DEA spokesman Rusty Payne said there have been spikes of overdose deaths across the country linked to these kinds of drugs. “A bad guy can put whatever they want on the packaging,” Payne said. “Half the time, they’re throwing ‘Molly’ on the label and they don’t know what the stuff is.”

D.C. police officials said they think Goldsmith had come to the District on a bus with friends from school. Police said she fell ill at the club and collapsed about 1:40 a.m. She died at Providence Hospital early Sunday.

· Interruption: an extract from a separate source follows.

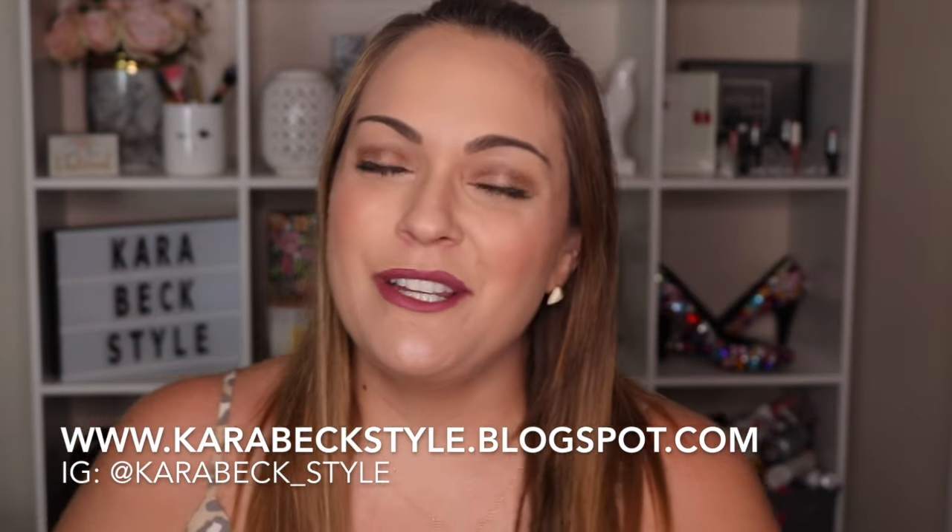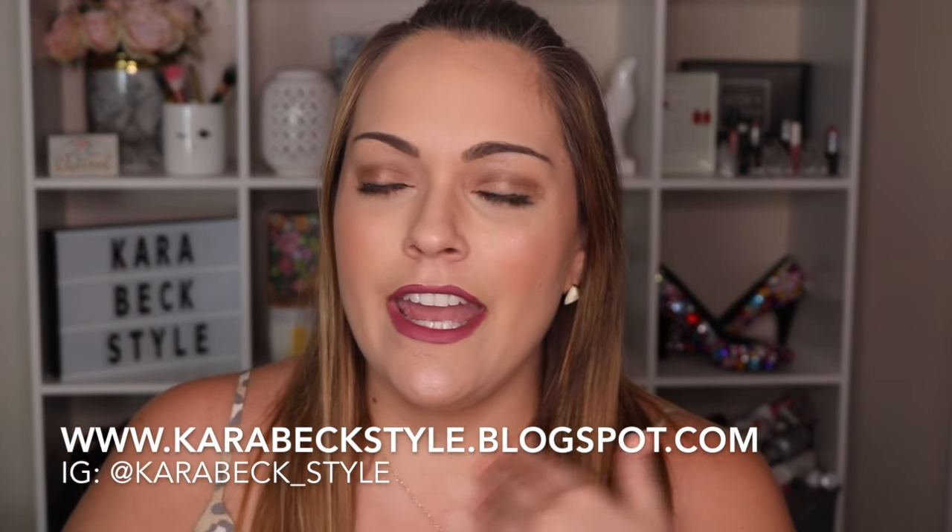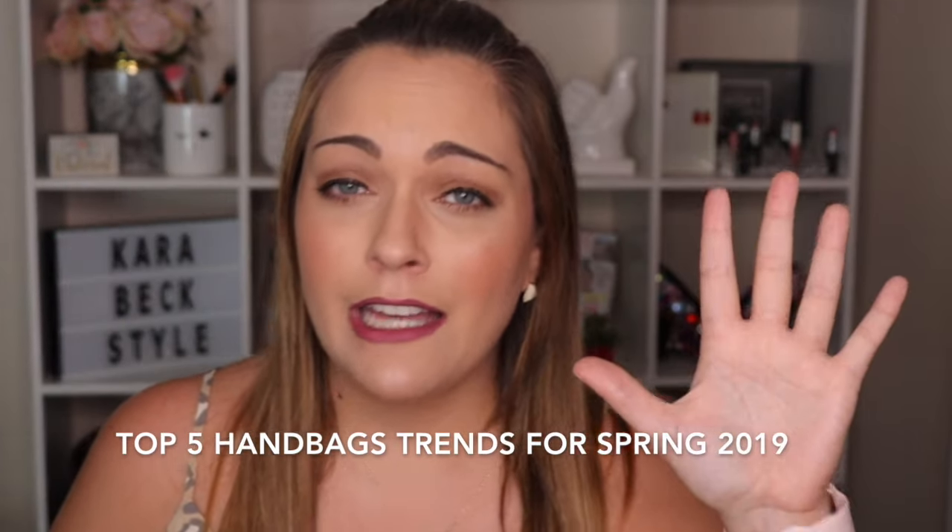Hello, welcome back to my channel! If you're new here, my name is Cara and I have a fashion and beauty blog. Today's video is going to be the top five handbag and purse trends for spring 2019. I'm really trying to showcase affordable style in my fashion videos — you don't have to go out and spend a million dollars to look like a million dollars.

Managers at the club declined to comment but issued a statement saying they are “saddened to hear about Mary Shelley Goldsmith’s death.” They promised to “cooperate with the appropriate authorities.”

Goldsmith had already filled her résuméwith volunteer work and accolades. She hoped to pursue a career in law and public service, according to an obituary posted online. She graduated from Abingdon High School with honors in 2012 and was accepted into U-Va. and named a Jefferson Scholar, the university’s highest merit scholarship program.

She was also a member of the Alpha Phi sorority and worked at a restaurant near the campus, Boylan Heights. Goldsmith’s obituary points out that while she loved to play tennis, hike and sail, “she could also drive a tractor and shoot quite proficiently.”

“Her love of life was contagious,” the obituary says. “She volunteered at the food bank, worked for Democratic candidates, decorated cupcakes with her friends, all with confidence, enthusiasm, organization and a light heart.”

Her father, the president of a nonprofit organization that helps people find jobs and housing, said that if his daughter can overdose, “anyone can.”

Robert Goldsmith said he had never known his daughter to take drugs. “This might have been the first time she did it,” he said. “It might not have been the first time. I hate to admit it, but I’ve never heard of this drug before. It seems to be the drug of choice.”